As I reflect on the people we met at IMTS a little over a week ago. I am amazed at the number of job shops and smaller manufactures that struggle needlessly with problems of CAD interoperability, spending excessive amounts of money supporting multiple CAD and CAM systems that could be easily solved by incorporating Direct CAD into their workflow. This blog is dedicated to helping to educate and and make our manufacturers more efficient and competitive by incorporating Direct CAD technology throughout their workflow.
How often has a client brought in a CAD design in a format that was incompatible with your current CAD system?
How will your shop service the client? If an issue related to manufacturability of the model is spotted at the shop, how easily can the design be changed? With Direct CAD, these issues become a thing of the past. CAD format issues can be accommodated, as can design changes.
Traditional CAD is complex with a steep learning curve. Moreover, traditional CAD designs cannot be shared easily in the supply chain if everyone is using different CAD software, which adds further complication to incompatibility issues. And editing the files can be problematic, if not entirely impossible. Traditional parametric, and even blended CAD systems, require staff to be dedicated to running only a single CAD program because in order to be used effectivily, these complex systems require intense training, requiring lots of time and money.
Professional CAD systems can also be very expensive to purchase and maintain (besides the training required). Many shops still run multiple programs in order to ensure interoperability with the majority of their customers. And each of these system requires maintenance to stay current, running upwards of $1,000 per license per year or more. With new updates comes new features, and again, constant training is required training to ensure shop personnel are current on the latest features and know-how.
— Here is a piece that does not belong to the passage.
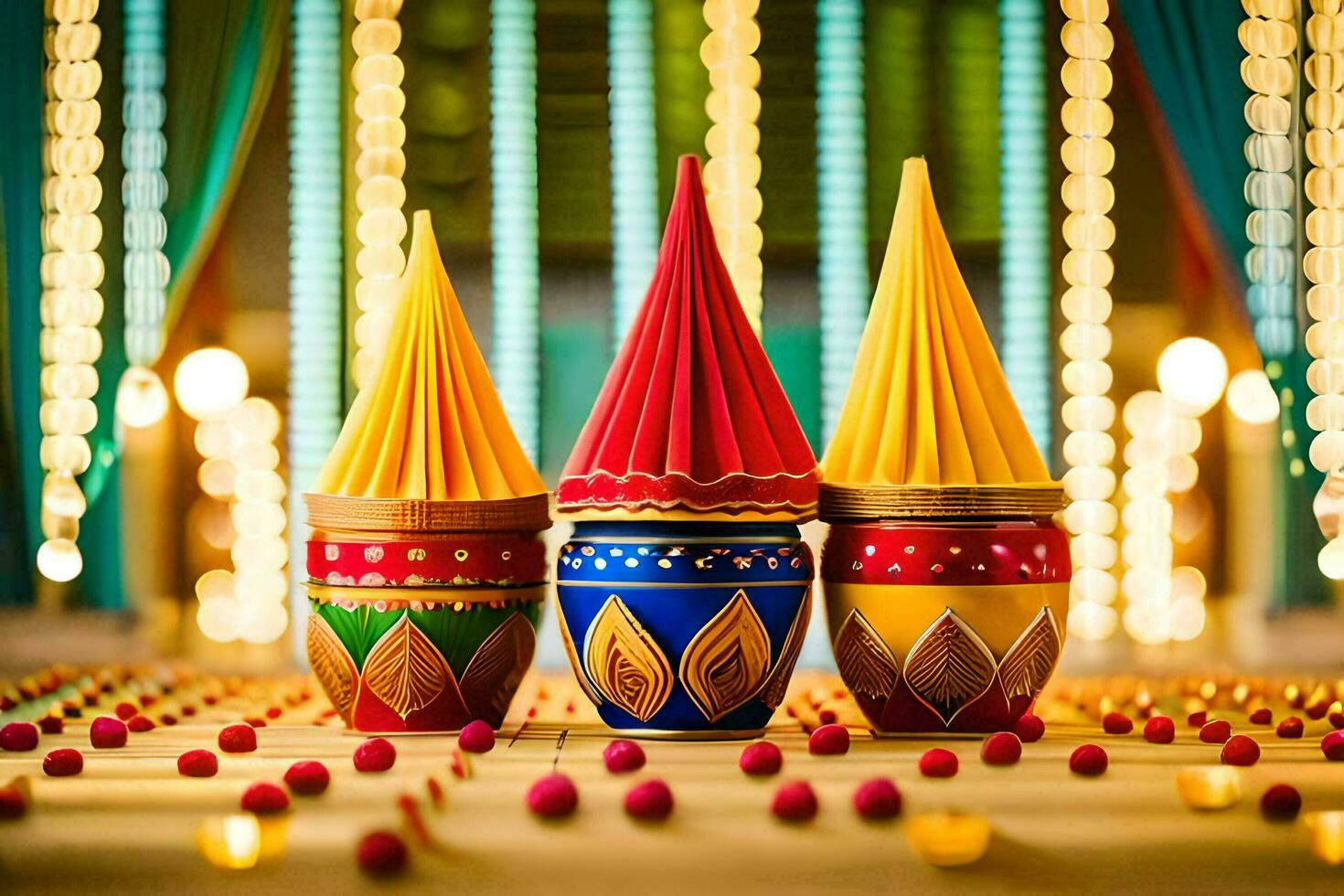 three colorful vases with colorful decorations on a table. AI-Generated photo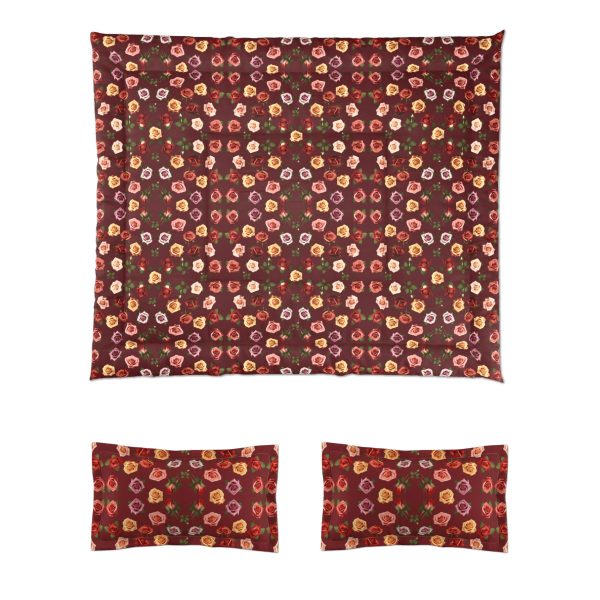 Brown Red Rose Comforter Set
Quoting a project based off a CAD file can be time consuming and expensive as the shop must ensure the operator is thoroughly trained on whatever system was used originally. With a Direct CAD system, quoting can be accomplished by a non-CAD trained person who is able to open, analyze, and quote the job for the client without having to rely on highly paid and busy CAD jockey to manipulate and analyze the file. By reducing the need to translate or re-draw, shops can significantly lower their costs, charge less, and ultimately ensure client retention.
By utilizing direct CAD modeling in the shop, true collaboration and modification can take place without the need to re-draw the project from scratch. Direct CAD modeling allows designs to be shared, opened, and edited as though everyone was using the same system. Direct CAD modeling brings the design process to the individual. Designs can be modified and improved by anyone without the need to send the project back to the original designer.
Further benefits for many manufacturers is that Direct CAD can be used to prepare any CAD models for machining and for analysis. This simplification allows the shop to prepare work instructions, design tooling and make changes to designs easily and quickly giving them a competitive advantage over manufacturers without this capability.
As the auto industry in North America rebounds, manufacturers struggle to keep up with the demands of increased production. And until open positions can be filling, having the proper tools to increase efficiency and reduce costs are essential to a manufacturers success. Those tools now include Direct CAD technology within the manufacturers workflow.
What interoperability and design incompatibility do you face on a day-to-day basis? How does training, or lack thereof, affect your workflow?